Vous avez donc pris la résolution de ne pas acheter de biens culturels auprès des grandes compagnies de l'industrie culturelle.
Je vous sens tournant comme un lion en cage ou un gamin un mercredi pluvieux : "qu'est-ce que je peux faire, j'sais pas quoi faire ?"
Bandes de petits sacripans ? Regardez donc un peu autour de vous. Non pas si loin, là, sur votre bureau. Au dessus. Vos étagères. Vos placards. Ne faites pas croire que tout cela ne déborde pas d'un fratras sans nom !
Allez, première mesure : #OccupyMesEtageres ! Voici un plan d'action simple et efficace dont l'ampleur va peut-être vous surprendre.
Commencez par vous équiper de quelques outils simples : chiffon, spray pour les meubles. Videz vos étagères de tous leurs livres, CDs, DVDs, blu-Ray, jeux vidéo (on résumera sous le terme d'ouvrage, pour la suite) et profitez-en pour faire les poussières. Maintenant que c'est propre, contemplez la pile au pied des étagères.

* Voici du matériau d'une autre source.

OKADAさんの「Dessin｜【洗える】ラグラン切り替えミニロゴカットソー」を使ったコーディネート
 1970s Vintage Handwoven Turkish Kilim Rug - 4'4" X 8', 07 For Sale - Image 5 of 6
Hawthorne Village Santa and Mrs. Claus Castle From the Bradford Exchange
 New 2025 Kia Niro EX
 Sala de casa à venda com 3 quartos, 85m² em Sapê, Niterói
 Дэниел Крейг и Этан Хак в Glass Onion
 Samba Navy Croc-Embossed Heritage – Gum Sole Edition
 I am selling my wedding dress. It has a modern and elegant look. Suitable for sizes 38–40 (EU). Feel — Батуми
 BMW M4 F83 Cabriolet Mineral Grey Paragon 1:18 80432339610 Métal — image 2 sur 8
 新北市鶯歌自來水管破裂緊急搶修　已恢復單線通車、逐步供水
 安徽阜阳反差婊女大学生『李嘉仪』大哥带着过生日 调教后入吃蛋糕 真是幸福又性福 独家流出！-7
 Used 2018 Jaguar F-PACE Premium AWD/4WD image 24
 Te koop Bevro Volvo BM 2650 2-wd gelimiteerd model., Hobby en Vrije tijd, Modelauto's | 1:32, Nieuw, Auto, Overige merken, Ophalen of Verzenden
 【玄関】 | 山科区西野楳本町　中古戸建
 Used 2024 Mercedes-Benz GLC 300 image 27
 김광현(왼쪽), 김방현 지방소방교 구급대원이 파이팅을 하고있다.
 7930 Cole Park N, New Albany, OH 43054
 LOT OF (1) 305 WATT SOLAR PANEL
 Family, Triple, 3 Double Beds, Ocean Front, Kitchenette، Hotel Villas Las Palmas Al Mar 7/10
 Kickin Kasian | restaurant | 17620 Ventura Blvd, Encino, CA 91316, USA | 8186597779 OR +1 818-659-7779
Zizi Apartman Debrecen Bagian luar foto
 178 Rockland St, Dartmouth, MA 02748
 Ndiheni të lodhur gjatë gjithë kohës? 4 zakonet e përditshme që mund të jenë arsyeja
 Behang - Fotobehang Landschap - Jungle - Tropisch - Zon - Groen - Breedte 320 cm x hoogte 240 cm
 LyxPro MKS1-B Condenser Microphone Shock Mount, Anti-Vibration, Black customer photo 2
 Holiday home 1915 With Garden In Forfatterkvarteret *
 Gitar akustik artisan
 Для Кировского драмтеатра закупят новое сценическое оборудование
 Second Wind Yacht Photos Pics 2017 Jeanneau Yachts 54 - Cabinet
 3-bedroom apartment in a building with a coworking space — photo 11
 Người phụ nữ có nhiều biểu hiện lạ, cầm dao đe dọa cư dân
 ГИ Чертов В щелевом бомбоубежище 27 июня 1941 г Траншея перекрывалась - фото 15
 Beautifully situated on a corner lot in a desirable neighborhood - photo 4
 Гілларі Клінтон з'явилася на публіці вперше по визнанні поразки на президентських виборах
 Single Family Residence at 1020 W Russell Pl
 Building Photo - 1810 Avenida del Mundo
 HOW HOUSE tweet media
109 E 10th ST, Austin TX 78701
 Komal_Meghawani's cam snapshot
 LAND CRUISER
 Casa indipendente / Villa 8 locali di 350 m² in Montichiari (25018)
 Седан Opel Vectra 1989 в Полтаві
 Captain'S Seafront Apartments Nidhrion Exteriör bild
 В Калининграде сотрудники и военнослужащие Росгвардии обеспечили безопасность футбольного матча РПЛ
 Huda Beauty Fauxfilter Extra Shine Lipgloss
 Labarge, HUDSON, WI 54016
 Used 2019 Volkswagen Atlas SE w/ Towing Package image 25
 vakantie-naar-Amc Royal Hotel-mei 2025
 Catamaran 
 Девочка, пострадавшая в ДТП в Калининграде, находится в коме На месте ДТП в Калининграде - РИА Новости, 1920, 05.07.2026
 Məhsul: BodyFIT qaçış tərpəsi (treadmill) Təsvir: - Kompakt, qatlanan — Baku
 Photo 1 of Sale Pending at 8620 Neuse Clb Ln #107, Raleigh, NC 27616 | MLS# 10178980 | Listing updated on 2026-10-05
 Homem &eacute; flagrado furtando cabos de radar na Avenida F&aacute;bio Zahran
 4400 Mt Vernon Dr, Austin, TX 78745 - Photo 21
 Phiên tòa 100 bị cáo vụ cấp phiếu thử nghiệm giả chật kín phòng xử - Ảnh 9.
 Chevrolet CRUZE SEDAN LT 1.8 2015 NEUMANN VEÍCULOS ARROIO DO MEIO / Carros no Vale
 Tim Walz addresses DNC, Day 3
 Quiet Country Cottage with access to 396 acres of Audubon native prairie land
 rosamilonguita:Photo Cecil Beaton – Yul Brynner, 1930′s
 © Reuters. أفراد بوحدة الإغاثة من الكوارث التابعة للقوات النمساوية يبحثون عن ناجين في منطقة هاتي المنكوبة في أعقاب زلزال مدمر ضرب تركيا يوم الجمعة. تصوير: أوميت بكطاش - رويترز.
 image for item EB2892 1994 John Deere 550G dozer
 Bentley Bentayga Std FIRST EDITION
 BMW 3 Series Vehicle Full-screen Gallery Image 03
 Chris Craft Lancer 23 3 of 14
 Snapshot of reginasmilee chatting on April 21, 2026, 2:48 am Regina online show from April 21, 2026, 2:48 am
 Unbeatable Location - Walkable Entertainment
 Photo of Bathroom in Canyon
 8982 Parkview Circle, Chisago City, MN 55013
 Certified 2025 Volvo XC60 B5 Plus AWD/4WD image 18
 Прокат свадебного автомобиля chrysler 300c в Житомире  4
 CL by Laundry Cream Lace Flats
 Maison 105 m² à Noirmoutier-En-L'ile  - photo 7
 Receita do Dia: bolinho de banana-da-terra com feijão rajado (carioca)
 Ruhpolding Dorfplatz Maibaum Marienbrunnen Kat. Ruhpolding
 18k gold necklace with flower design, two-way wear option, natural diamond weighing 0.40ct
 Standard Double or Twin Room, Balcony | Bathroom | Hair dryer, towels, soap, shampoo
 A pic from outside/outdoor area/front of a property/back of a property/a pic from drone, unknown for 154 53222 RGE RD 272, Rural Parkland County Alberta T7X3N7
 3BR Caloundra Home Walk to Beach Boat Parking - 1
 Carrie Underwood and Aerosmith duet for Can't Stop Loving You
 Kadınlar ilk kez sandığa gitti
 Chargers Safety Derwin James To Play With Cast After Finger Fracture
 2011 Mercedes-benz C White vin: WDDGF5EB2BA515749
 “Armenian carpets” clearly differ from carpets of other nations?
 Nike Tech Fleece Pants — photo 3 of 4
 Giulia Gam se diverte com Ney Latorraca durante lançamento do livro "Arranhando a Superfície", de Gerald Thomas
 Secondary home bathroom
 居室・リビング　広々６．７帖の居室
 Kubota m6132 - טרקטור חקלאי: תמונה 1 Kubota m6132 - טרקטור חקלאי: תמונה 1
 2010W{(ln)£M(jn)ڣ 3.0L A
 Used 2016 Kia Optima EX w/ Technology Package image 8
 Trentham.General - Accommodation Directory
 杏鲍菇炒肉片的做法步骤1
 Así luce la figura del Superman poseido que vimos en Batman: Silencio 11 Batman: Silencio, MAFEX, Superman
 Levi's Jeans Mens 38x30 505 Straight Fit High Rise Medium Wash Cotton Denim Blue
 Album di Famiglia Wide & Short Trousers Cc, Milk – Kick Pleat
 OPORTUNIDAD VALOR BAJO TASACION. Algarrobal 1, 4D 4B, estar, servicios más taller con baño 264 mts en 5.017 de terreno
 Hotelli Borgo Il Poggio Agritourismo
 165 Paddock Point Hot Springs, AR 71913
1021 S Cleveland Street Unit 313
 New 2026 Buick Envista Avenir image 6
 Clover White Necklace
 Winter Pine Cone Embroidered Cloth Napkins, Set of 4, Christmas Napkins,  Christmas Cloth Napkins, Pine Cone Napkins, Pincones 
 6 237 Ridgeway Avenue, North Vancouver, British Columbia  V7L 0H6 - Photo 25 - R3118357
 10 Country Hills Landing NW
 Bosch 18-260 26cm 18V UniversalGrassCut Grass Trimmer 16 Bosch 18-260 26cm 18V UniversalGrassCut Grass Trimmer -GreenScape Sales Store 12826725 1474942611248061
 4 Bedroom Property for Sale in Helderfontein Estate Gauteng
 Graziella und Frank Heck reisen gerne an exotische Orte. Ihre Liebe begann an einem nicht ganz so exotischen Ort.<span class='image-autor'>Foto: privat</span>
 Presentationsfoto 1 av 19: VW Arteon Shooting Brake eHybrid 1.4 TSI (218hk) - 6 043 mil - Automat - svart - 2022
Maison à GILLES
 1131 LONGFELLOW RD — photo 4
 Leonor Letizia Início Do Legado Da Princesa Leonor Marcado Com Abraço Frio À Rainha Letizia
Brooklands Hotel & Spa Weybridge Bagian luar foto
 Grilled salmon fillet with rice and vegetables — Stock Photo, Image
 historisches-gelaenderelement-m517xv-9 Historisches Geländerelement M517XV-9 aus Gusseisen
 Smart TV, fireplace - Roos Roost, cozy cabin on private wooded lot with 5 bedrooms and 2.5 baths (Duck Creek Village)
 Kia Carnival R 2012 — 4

Séparez en deux parties : d'un côté, les ouvrages que vous avez déjà lu/vu/terminé, de l'autre côté, tout ce qui est en attente.
Bien. Occupons-nous du tas "en attente". Je vous parie que vous avez de quoi vous occuper tout un mois : gardez ça au chaud et à portée de main. Le programme de vos prochaines soirées est tout trouvé.
Et l'autre pile, alors ? Celle des ouvrages finis ? D'abord, demandez-vous si vous avez besoin ou envie de garder tout ça. Avez-vous encore un ordi ou une console capable de faire tourner ce jeu ? Avez-vous envie de revoir ce film ou de faire découvrir à quelqu'un ce bouquin ? Considérez bien le volume de la pile "en attente" en réfléchissant à ces questions. Votre temps n'est pas extensible. En avez-vous suffisamment pour en consacrer à cet ouvrage que vous avez déjà parcouru ? Ou au moins, avez-vous envie de prêter cet ouvrage pour qu'un de vos amis passe du bon temps et que vous en discutiez ensemble ? Si la réponse est "non" aux deux questions, soyez fort : commencez une troisième pile de choses "à vendre". Si au contraire vous avez envie de garder cet ouvrage, et bien, vous n'avez plus qu'à regarnir vos étagères.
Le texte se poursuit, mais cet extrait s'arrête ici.